Toda a noite rondaram em torno da habitação, e nessa manhã, vendo sair as duas moças, resolveram vingar-se com a aplicação dessa lei de talião que era o único princípio de direito e justiça que reconheciam.
Tinham morto sua filha; era justo que matassem a filha do seu inimigo; vida por vida, lágrima por lágrima, desgraça por desgraça."
E então, meus leitores: isso é literatura ou história? Quanto ao conceito de uma lei de talião entre indígenas é literatura, mas é também história (¹). Sem a formalidade de tribunais e sem magistrados, povos indígenas do Brasil recorriam à lei de talião, segundo afirmaram vários autores dos tempos coloniais, para vingar a morte de um familiar e/ou membro da tribo, vendo em tal prática, ao mesmo tempo, um direito e uma obrigação. Em Histoire d'un Voyage Faict en la Terre du Brésil, Jean de Léry (²), que esteve no Brasil no Século XVI, relatou que a retribuição na exata medida da ofensa não se restringia a casos de morte, mas era aplicada até para ferimentos graves decorrentes de uma briga. Sim, não conheciam, formalmente, "olho por olho, dente por dente", mas, assumindo que Léry estava correto no que escreveu, adotavam esse princípio, ainda que não frequentemente, porque os desentendimentos entre indígenas de uma mesma aldeia eram pouco comuns.

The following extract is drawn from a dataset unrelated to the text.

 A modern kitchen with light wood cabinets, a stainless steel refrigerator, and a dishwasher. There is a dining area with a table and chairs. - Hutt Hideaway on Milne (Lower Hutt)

Dentre vários outros autores, frei Antônio de Santa Maria Jaboatão, setecentista, também referiu a prática de talião, ao falar de indígenas aos quais chamou papanás:
"Além das comuns gentilidades com os demais, tinham [os papanás] uma mui cruel, era, que se algum índio destes matava a outro da mesma nação, eram obrigados os parentes do matador a entregá-lo sem repugnância aos parentes do morto, que logo o afogavam, e davam garrote, e enterravam, estando presentes uns e outros, fazendo todos neste ajuntamento grande pranto, mas comendo e bebendo por muitos dias, e assim ficavam todos amigos. E se o matador fugia, de sorte que o não podiam haver às mãos, lhe tomavam um filho ou filha, e se os não tinha, um irmão; e se nem este havia, entregavam pelo matador o parente mais chegado, ao qual não matavam, mas ficava por cativo do parente também mais chegado do morto. [...]" (³)

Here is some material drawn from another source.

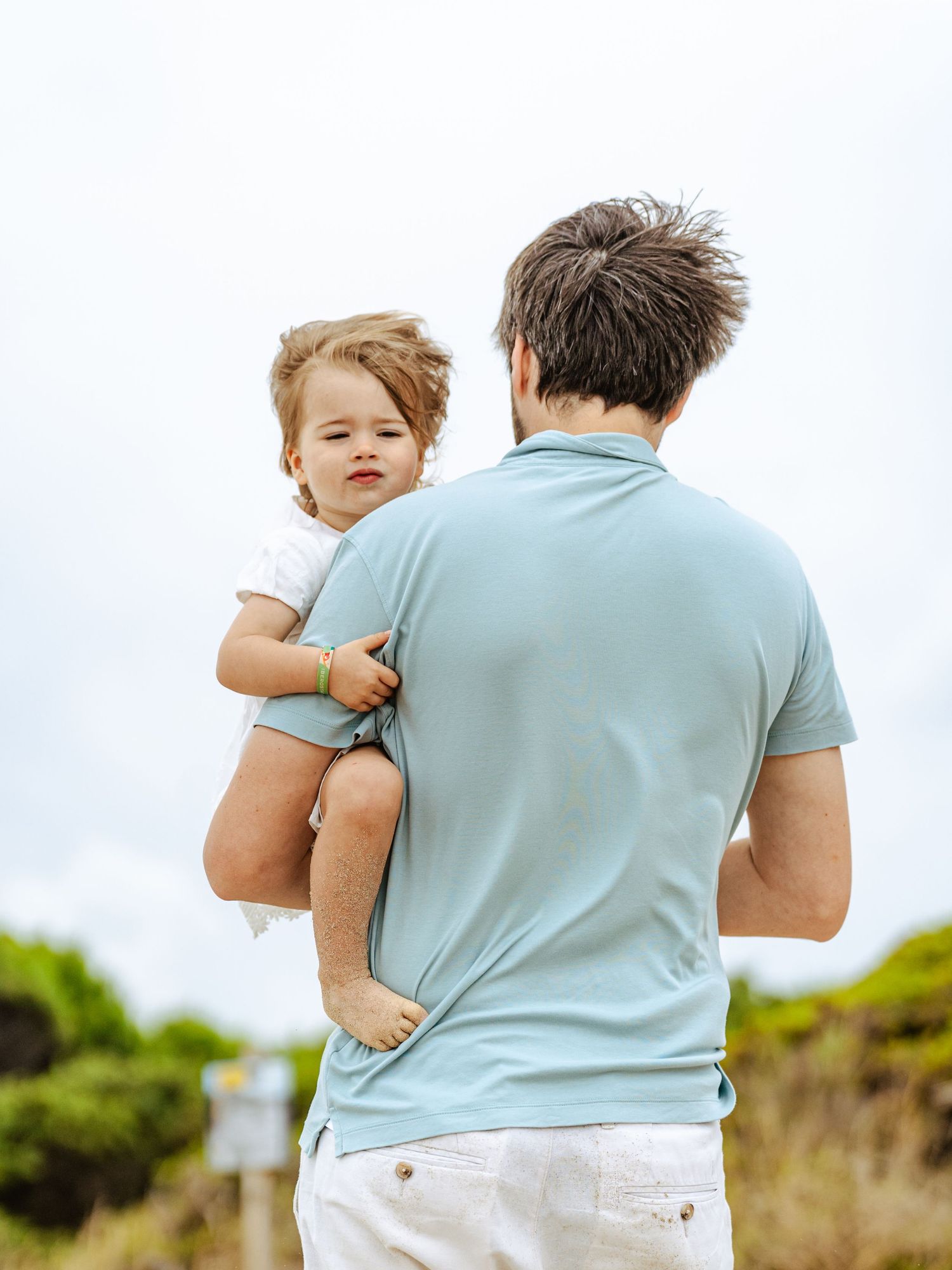 Father carrying toddler in white outfit, viewed from behind on a cloudy beach day.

Sem testemunhos escritos dos próprios indígenas, apenas podemos conjecturar que a lei de talião, que não conheciam por esse nome, mas que reconheciam na prática, era corrente entre ameríndios do Brasil, se os autores dos dias coloniais estiverem corretos. Contudo, o fato de ser mencionada por vários escritores acrescenta certo peso à informação. Assumindo que este seja o caso, cumpre observar que, malgrado a aparência de crueldade, a retribuição na medida da ofensa tinha dupla função, ou seja, impedia, com uma punição que não ia além da proporção do crime, a sequência perpétua de rancores e vinganças à moda da Verona shakespeariana, e assegurava a manutenção da paz dentro da tribo. Não era pouco. Quanto ao Guarani, de Alencar, fez tanto sucesso que acabou virando ópera, Il Guarany, com música de Antônio Carlos Gomes sobre libreto de Antônio Scalvini.
(1) À literatura é dada licença no terreno ficcional; quanto à história, isso jamais deveria ocorrer.
(2) Veio ao Brasil como um jovem artesão, para viver e trabalhar na chamada França Antártica. Posteriormente, retornou à Europa, onde, depois de estudar em Genebra, veio a ser pastor protestante.
(3) JABOATÃO, Antônio de Santa Maria O.F.M. Novo Orbe Serafico Brasilico, ou Crônica dos Frades Menores da Província do Brasil Volume 1. Rio de Janeiro: Typ. Brasiliense, 1858, p. 22.